The High Court turned down the request for the arrest warrant but said the police themselves could decide to make an arrest.

The court also told Church authorities not to circulate literature about the “moral character” of the nun, whom Mulakkal has said is retaliating for his investigation of her alleged affair with a married man.

The nun is a member of the Syro-Malabar Church, which is based in Kerala, a center of Christianity in India. Priests and nuns from the state can often be found serving in other parts of the country.

The sexual assaults allegedly occurred in a room in a convent set aside for Kerala-born priests of the Jalandhar Diocese visiting home.

The case is just one of several scandals affecting Christians in Kerala state, which has the largest Christian population in India.

Tax authorities in India have interviewed Cardinal George Alencherry, the head of the Syro-Malabar Church, in connection with a series of suspicious land deals that caused the Vatican to send a special administrator into his archdiocese.

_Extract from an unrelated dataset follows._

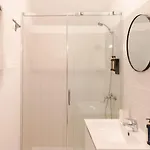 Riverfront Stylish - Waterfront 2br Daire Viana do Castelo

Last year, the cardinal was accused along with two senior priests and a real estate agent of selling several plots of land illegally, leading to a loss of over $10 million.

Critics said the deal violated both canon and civil law, since the land was sold for well below market value – Indian law forbids the irregular transfer of funds between charitable or religious trusts.

Meanwhile, two priests of the Kerala-based Malankara Orthodox Church turned themselves in on Monday after being accused of raping a teacher working at a church-affiliated school.

They and two other priests are accused of blackmailing the woman for sexual favors. One of them had allegedly filmed a sexual encounter with the woman in the 1990s and threatened her with exposure if she didn’t submit.